KOSPIIndustrialsposcofuturem.com

About POSCO Future M

POSCO Future M produces cathode and anode materials for lithium-ion batteries and serves as the battery materials arm of POSCO Group, majority-owned by POSCO Holdings. It supplies high-nickel cathodes to major Korean cell makers, stands out as one of the few producers of natural graphite anode materials outside China, and participates in ventures serving North American electric vehicle supply chains. A legacy business in refractories and lime chemicals, serving the group's steelworks, provides a steadier earnings base alongside the capital-intensive buildout of battery materials capacity.

The shares are a leveraged expression of electric vehicle battery demand, with volumes tied to a concentrated set of Korean cell makers and, through them, to Western automakers.
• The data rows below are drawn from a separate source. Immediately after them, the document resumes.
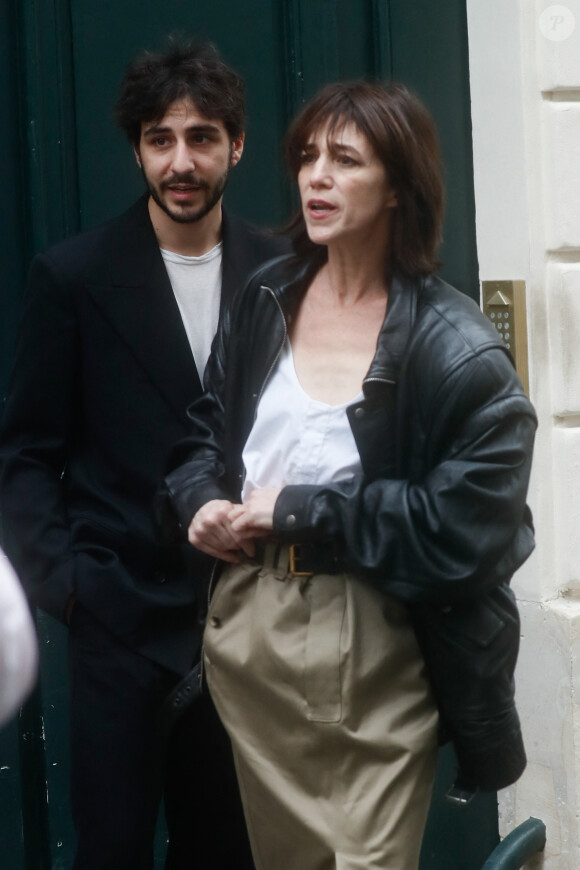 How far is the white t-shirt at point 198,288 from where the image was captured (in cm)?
304

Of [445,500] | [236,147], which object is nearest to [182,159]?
[236,147]

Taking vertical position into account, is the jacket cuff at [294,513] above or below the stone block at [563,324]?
below

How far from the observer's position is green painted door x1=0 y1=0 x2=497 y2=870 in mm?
3295

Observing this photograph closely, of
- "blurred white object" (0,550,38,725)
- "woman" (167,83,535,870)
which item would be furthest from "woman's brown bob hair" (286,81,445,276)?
"blurred white object" (0,550,38,725)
Vertical integration is the differentiator: parent POSCO Holdings pursues lithium and nickel upstream, positioning the company within a group-wide value chain aimed at sourcing rules in the United States and Europe that favor non-Chinese supply. That makes trade and clean-vehicle policy a structural driver. Heavy capacity investment, related-party dealings within the group, and the cyclical refractories base complete the framework.

The company began in 1971 as a refractories maker serving the furnaces of the newly built Pohang steelworks, and for decades operated as a quiet industrial affiliate under names including POSCO Chemtech. Its transformation started with the absorption of an anode materials venture around 2010 and accelerated in 2019, when a merger with cathode maker POSCO ESM created POSCO Chemical, a consolidated battery materials platform that also moved its listing from the KOSDAQ to the KOSPI. The 2023 renaming to POSCO Future M marked the group's declaration that energy materials, not furnace linings, defined its future, while the legacy refractories and lime businesses stayed in place.

Battery materials sales run on qualification and volume commitments: cell makers approve each cathode chemistry through years of testing, then contract for capacity tied to specific electric-vehicle programs, with prices indexed to underlying metal costs. That structure rewards early design wins but exposes plant utilization when vehicle programs underperform expectations. The anode business, one of the few natural graphite operations outside China, sells on supply-chain diversification value as much as on price. Meanwhile the original refractories and lime-chemicals segment enjoys captive demand from group steelworks, providing dependable cash that helps fund battery expansion, and joint ventures with automakers and cell partners lock in future offtake.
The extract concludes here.